Tax cuts signed into law by President George W. Bush in 2001 and 2003, which disproportionately benefit the richest 2 percent, will expire at the end of 2012. Ending them for those with household income above $250,000 would save the nation about $1 trillion over 10 years and would be an important first step toward requiring the wealthy to pay their fair share of taxes.
That revenue also could be used to reduce the deficit and avoid the massive $1.2 trillion in across-the-board cuts to federal programs over 10 years beginning in January 2013, which will kill jobs and hurt our families.
Below is a brief description of the expiring Bush tax cuts that primarily benefit wealthy Americans and the recommendations of Americans for Tax Reform about what to do with them.
1. End the income tax rate cuts for the richest 2 percent. President Obama proposed and the Senate approved (S. 3412) allowing the top two marginal tax rates on income derived from wages, salaries, and business profits (“ordinary income”) to return to 39.6 percent (from 35 percent) and 36 percent (from 33 percent). Given our country’s pressing needs, we simply can’t afford to continue to give people who make at least $1 million a year an average tax cut of $160,000.
2. End the special low tax rates for the richest 2 percent on income earned from selling stocks and other assets and from stock dividends. President Obama proposed and the Senate approved letting the tax rate on capital gains income return to 20 percent from the current 15 percent – for the richest 2 percent. The low 15 percent tax rate on dividend income also should end and return to each taxpayer’s “ordinary” income tax rate. These special low tax rates promote inequality and divert resources to unproductive tax shelters.

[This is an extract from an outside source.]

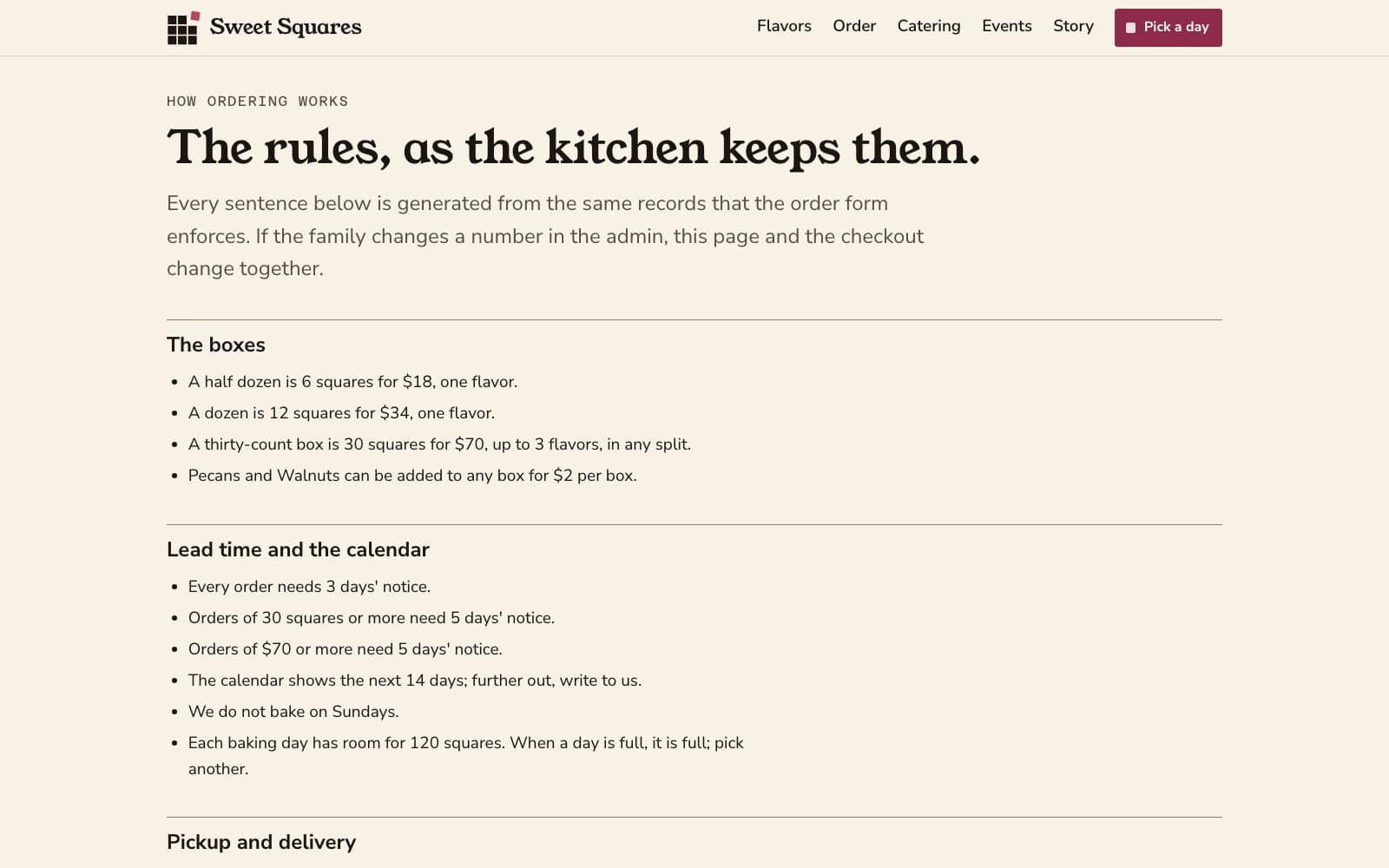 The full How ordering works page on the live Sweet Squares site, listing the boxes, lead time, pickup and delivery, and paying in detail.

3. End the lower estate tax on multimillion dollar estates. The estate tax is an important source of revenue and encourages billions in charitable donations each year. The temporary estate tax cut enacted in 2010, which expires at the end of 2012, lowered the estate tax rate to a maximum of 35 percent and applied it only to the value of estates exceeding $10 million per couple. As a first step, the estate tax should be returned to 2009 levels, which would allow couples to transfer $7 million tax free to estate beneficiaries and would tax assets above that amount at a maximum 45 percent rate. This would only subject 3 out of every 1,000 families to the estate tax and raise $283 billion over 10 years.

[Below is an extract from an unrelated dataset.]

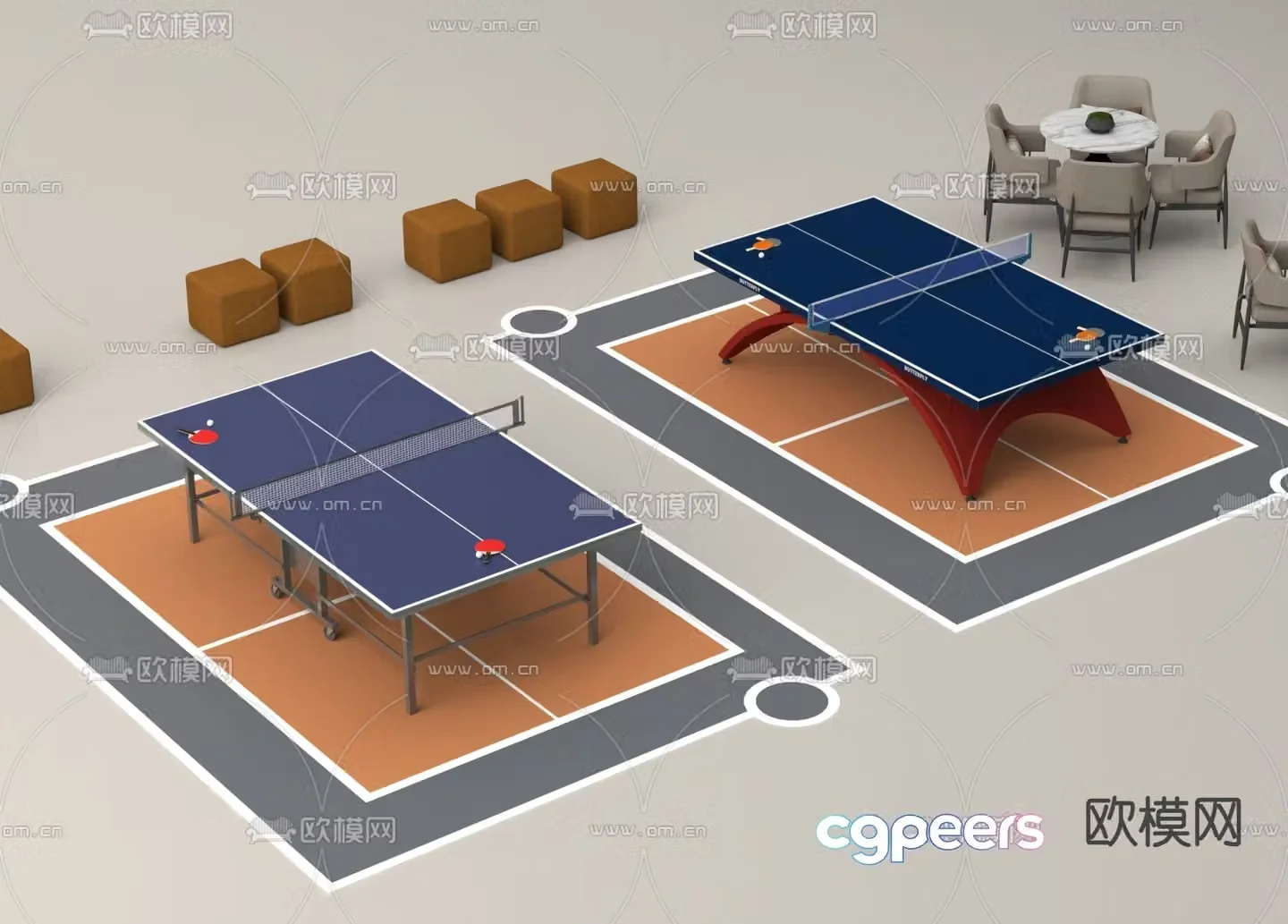 Table Tennis Table Table Tennis Table 3d model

4. Preserve expanded tax credits for working families with children. Also expiring at the end of 2012 are the 2009 expansions in the Earned Income Tax Credit (EITC) and Child Tax Credit (CTC), which encourage work and strengthen families, and the American Opportunity Tax Credit (AOTC), which reduces the costs of college tuition. If Congress allows these tax credits to expire, 25 million working families will face an average $1,000 tax increase next year.